Problem to work on: Without copying any picture, return all lines below exactly.

=====

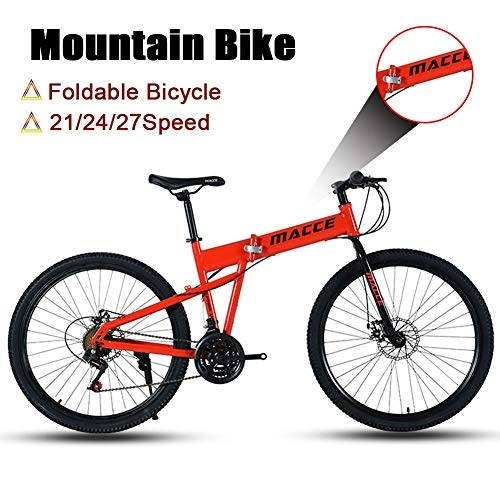 Folding Bike : LYRWISHJD Adult Hardtail Mountain Bike, 26 Inch Wheels, Mountain Trail Bike High Carbon Steel Folding Outroad Bicycles, Bicycle Dual Disc Brakes Mountain Bicycle (Color : Red, Size : 27Speed)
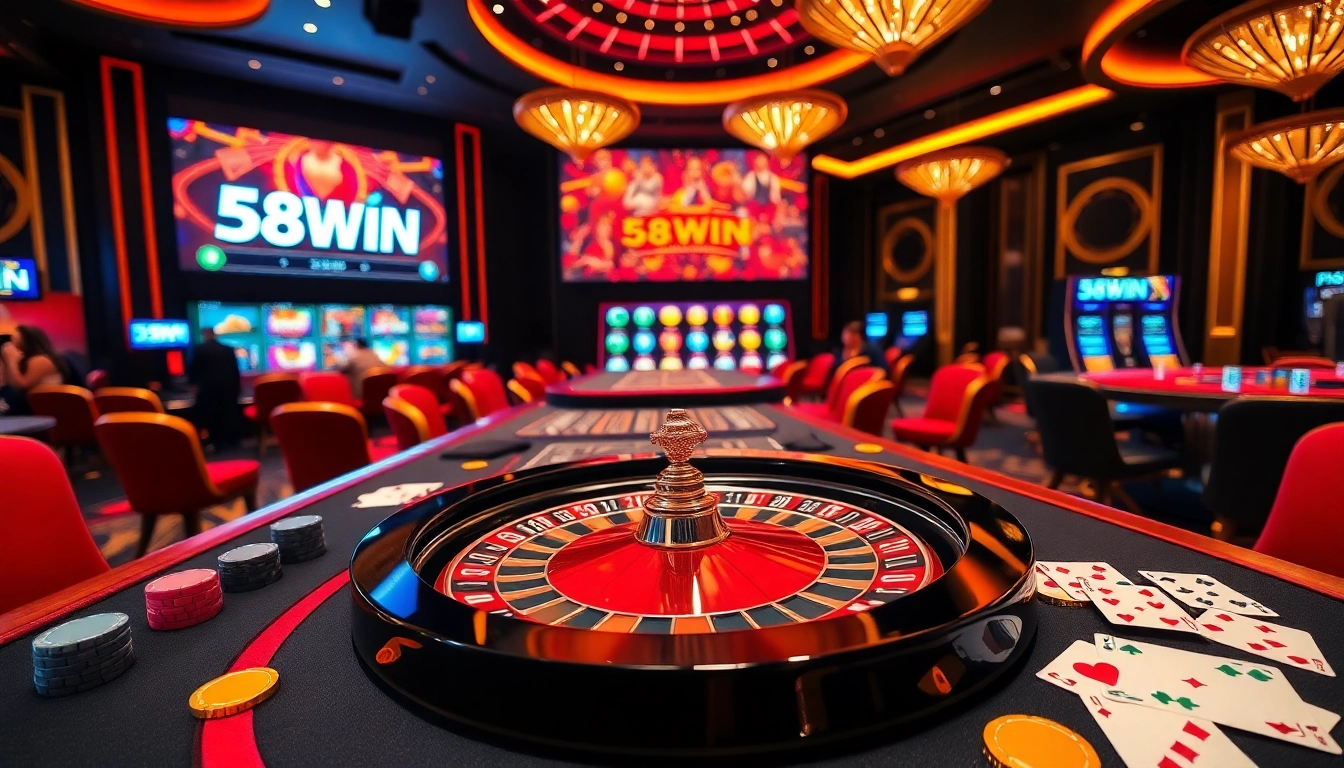Players enjoying thrilling games at 58WIN casino, surrounded by colorful chips and online interfaces.
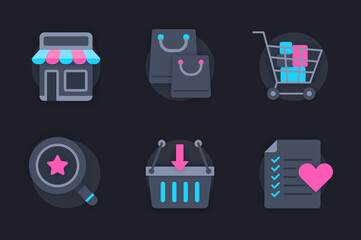 Aufkleber - Shopping web concept of 3d paper icons set. Pack flat pictograms of making purchases, choosing goods from wish list, shopping in stores or supermarkets. Vector elements for website in dark style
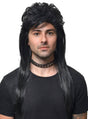 Classic Long Black Mullet Mens Costume Wig V1191-HC-XL-05433
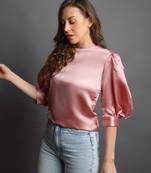 Rose pink satin puff sleeve top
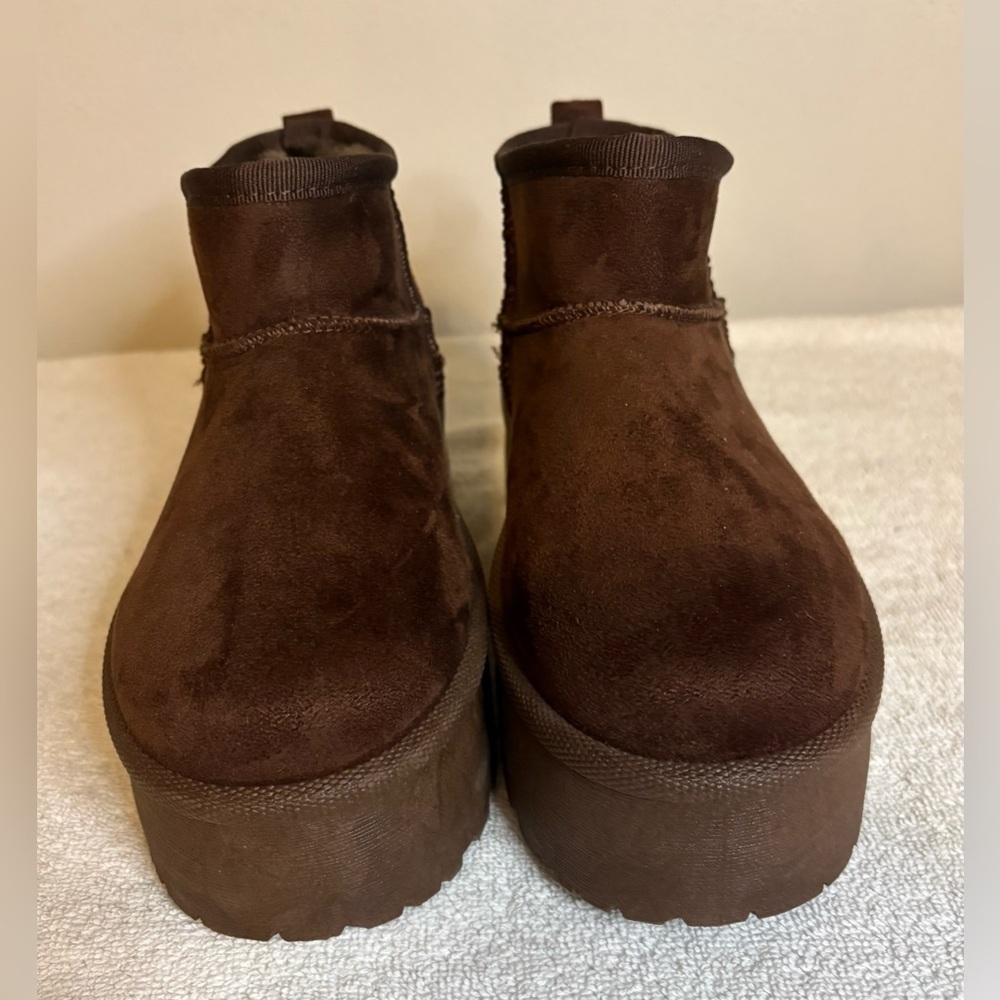 Glaze Women’s Brown Chunky Platform Faux Suede Faux Fur Lined Ankle Boots Sz 5.5 - Picture 2 of 8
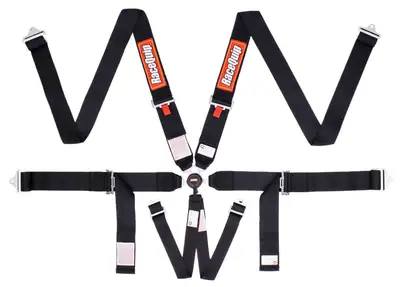 Racequip Camlock 6 Point Auto Racing Harness Set Pullup Lap Sfi 16.1 Seat Belt Set Black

=====

Written solution:
 Folding Bike : LYRWISHJD Adult Hardtail Mountain Bike, 26 Inch Wheels, Mountain Trail Bike High Carbon Steel Folding Outroad Bicycles, Bicycle Dual Disc Brakes Mountain Bicycle (Color : Red, Size : 27Speed)
Players enjoying thrilling games at 58WIN casino, surrounded by colorful chips and online interfaces.
 Aufkleber - Shopping web concept of 3d paper icons set. Pack flat pictograms of making purchases, choosing goods from wish list, shopping in stores or supermarkets. Vector elements for website in dark style
 Classic Long Black Mullet Mens Costume Wig V1191-HC-XL-05433
 Rose pink satin puff sleeve top
 Glaze Women’s Brown Chunky Platform Faux Suede Faux Fur Lined Ankle Boots Sz 5.5 - Picture 2 of 8
 Racequip Camlock 6 Point Auto Racing Harness Set Pullup Lap Sfi 16.1 Seat Belt Set Black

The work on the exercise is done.